More than $50 billion was spent on power projects, up 27 percent from the previous year, and he expects 15 percent to 25 percent growth in 2008. He sees weaker growth in lodging, office, commercial, K-12 education and highway construction.

Simonson said he doesn't want to downplay the dismal housing situation and credit market, though the Federal Reserve took action this week to make $200 billion available to banks and investment firms with high-risk mortgages as collateral.

"It seems like I'm walking through the desert with this mirage of a housing turnaround being 12 months out. Every time I look again, it's 12 months out," Simonson said.

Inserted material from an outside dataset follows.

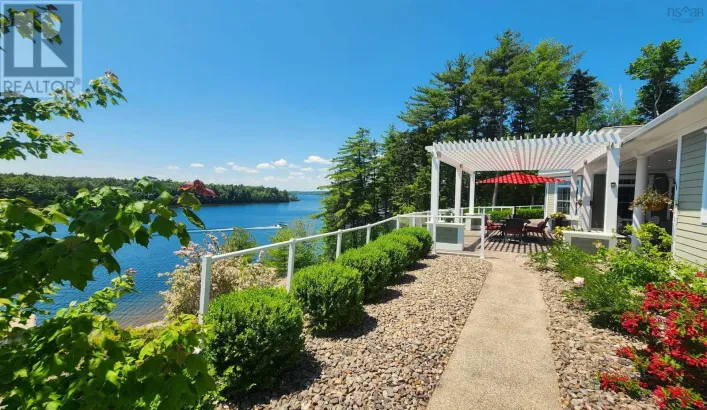 409 Aulenback Point Road, Sweetland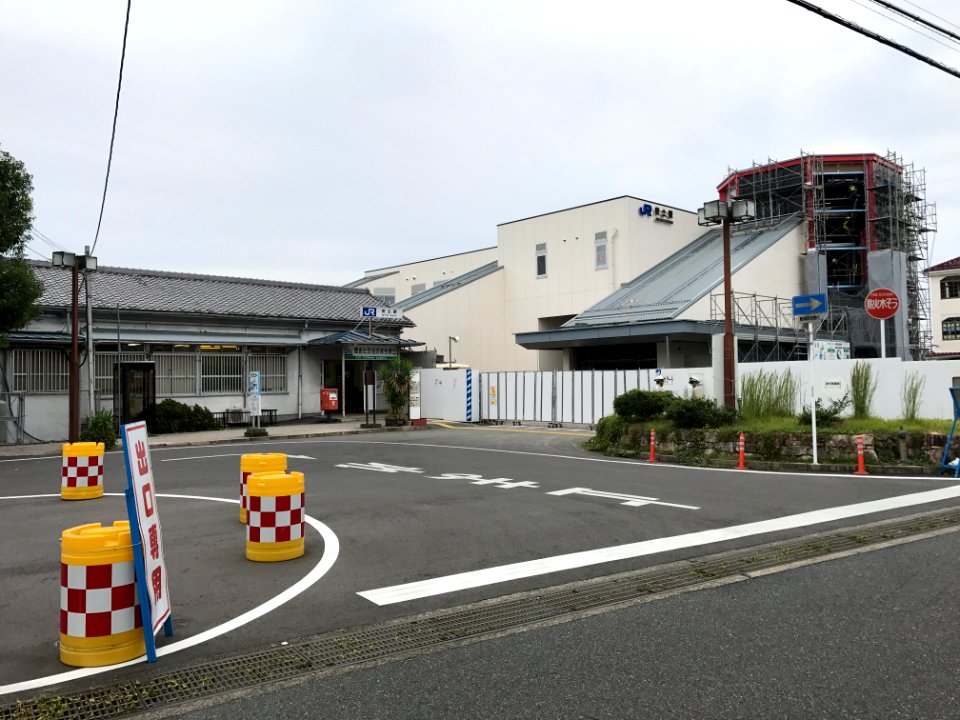 Azuchi station buildings 20170927 02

Sullivan said the stimulus package may be overstated. Consumers may not use the extra money to purchase goods, but to pay down credit cards from past spending. The same goes for businesses.

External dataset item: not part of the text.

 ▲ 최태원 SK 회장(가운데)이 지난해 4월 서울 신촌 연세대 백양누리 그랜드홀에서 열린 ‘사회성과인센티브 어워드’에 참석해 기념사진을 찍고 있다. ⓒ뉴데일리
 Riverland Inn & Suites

"In these difficult times, the best plan is to be as conservative as possible and be surprised in the upside," he said.

The producer price index of construction materials and components was stable until 2004, when it jumped 9.1 percent, Simonson said. The cumulative change since 2004 is 30 percent, double the increase in the consumer price index, the standard inflationary measure. The drivers were steel, gypsum, concrete, copper and diesel fuel, which is up 186 percent from 2003, he said.

The outlook is for material costs to increase 6 percent to 8 percent more in 2008. Construction remains dependent on specific materials, Simonson said. Highway projects, which use oil-based products such as asphalt, are going to see higher increases than commercial construction, which has benefited from a drop in gypsum prices due to a slowdown in residential building.